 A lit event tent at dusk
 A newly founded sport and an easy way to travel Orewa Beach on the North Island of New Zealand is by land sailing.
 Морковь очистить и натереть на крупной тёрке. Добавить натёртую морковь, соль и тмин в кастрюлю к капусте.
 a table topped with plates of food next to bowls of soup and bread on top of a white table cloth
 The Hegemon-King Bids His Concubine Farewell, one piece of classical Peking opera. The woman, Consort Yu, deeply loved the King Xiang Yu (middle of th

_ _ _ _ _

*EXERCISE AIM:* Exactly reproduce the lines beginning with the one that contains "a table topped" and ending with the last line of the material, both included. Leave out everything else.

*REPLY:*
 a table topped with plates of food next to bowls of soup and bread on top of a white table cloth
 The Hegemon-King Bids His Concubine Farewell, one piece of classical Peking opera. The woman, Consort Yu, deeply loved the King Xiang Yu (middle of th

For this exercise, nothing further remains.